● **TASK STATEMENT**: Everything from the line that contains "Homme contemplant des" to the final line of the data, both ends included, must be set down exactly, apart from the pictures.

· · · ·

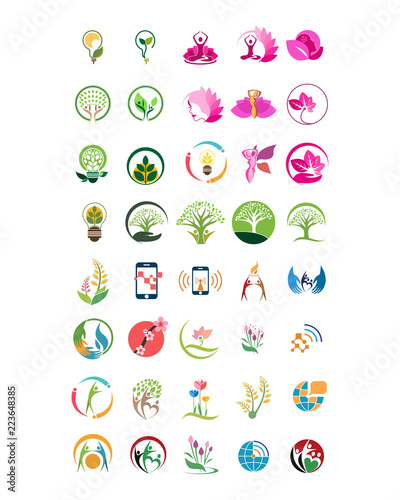 variation mixed herb plant technology image vector icon logo symbol set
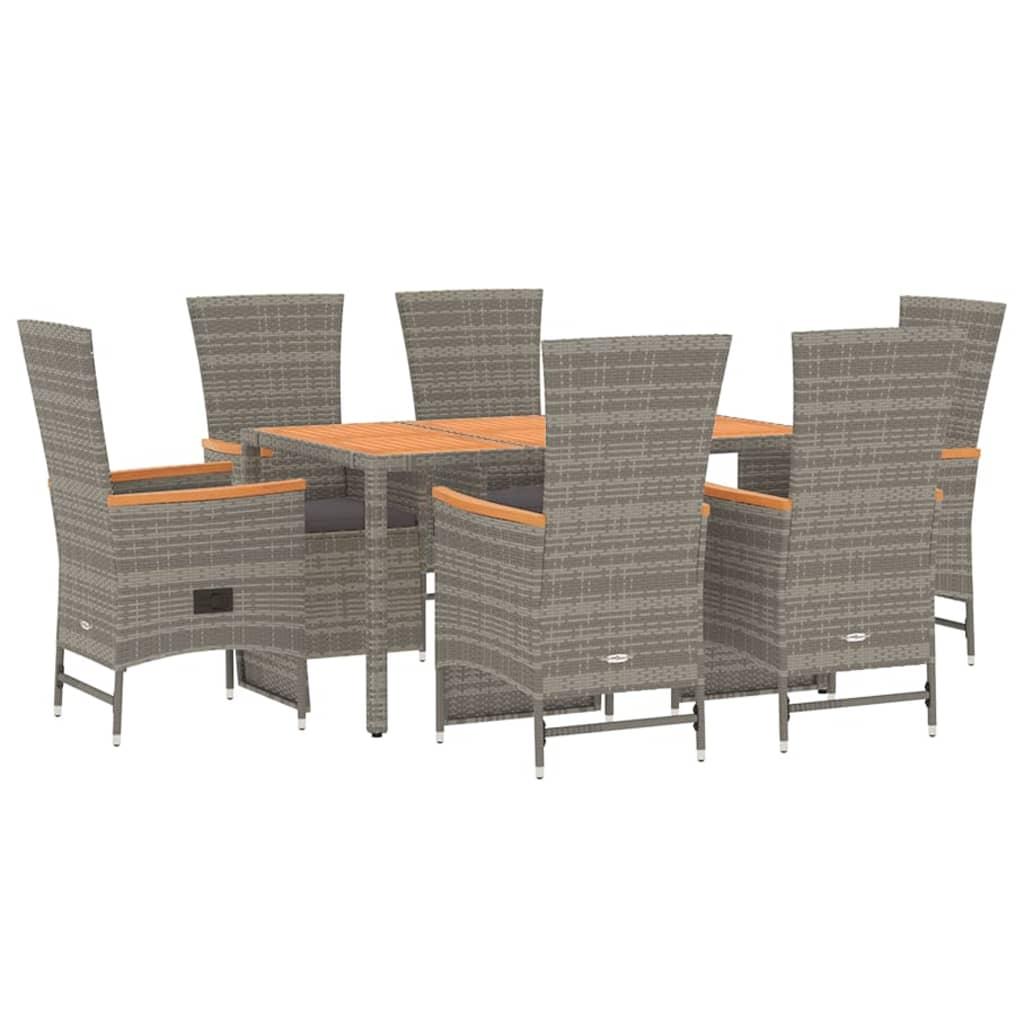 7 Piece Garden Dining Set with Cushions Grey Poly Rattan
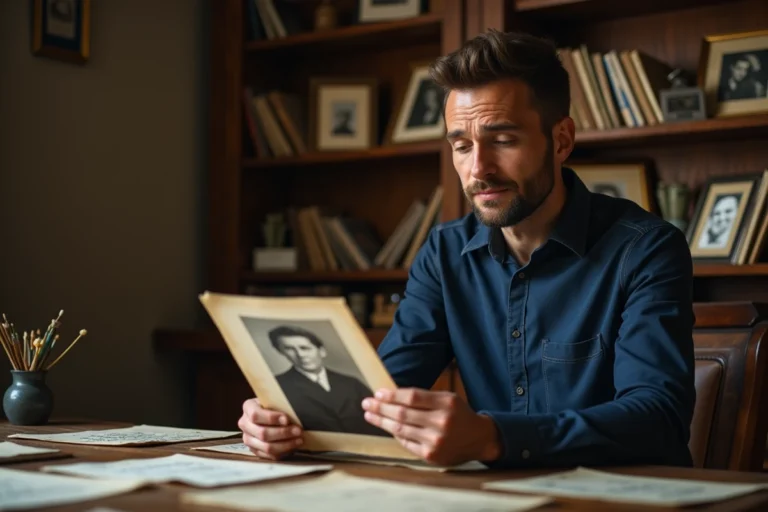 Homme contemplant des photos de famille anciennes dans un bureau chaleureux, illustrant les origines familiales de Matthieu Hocque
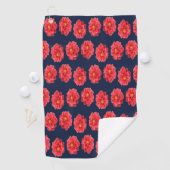 Serviette De Golf Fleur de dahlia rose en bleu (En situation)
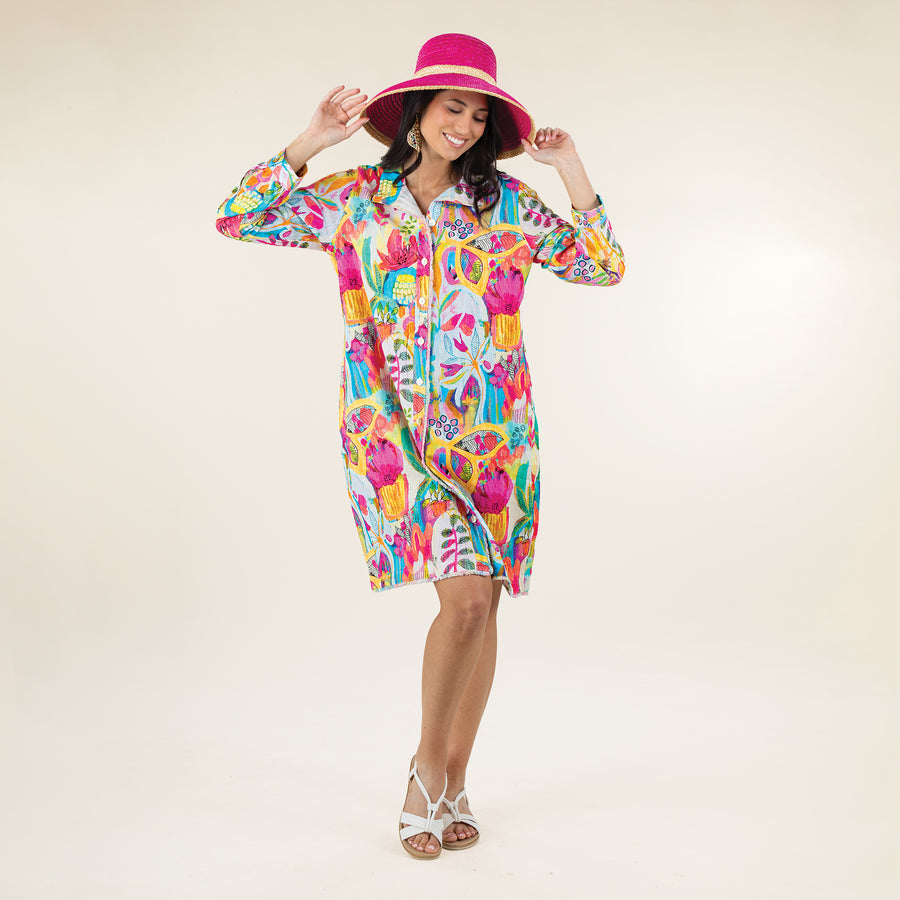 Island Travels Button-Up Linen Dress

· · · ·

● **EXERCISE OUTPUT**:
 Homme contemplant des photos de famille anciennes dans un bureau chaleureux, illustrant les origines familiales de Matthieu Hocque
 Serviette De Golf Fleur de dahlia rose en bleu (En situation)
 Island Travels Button-Up Linen Dress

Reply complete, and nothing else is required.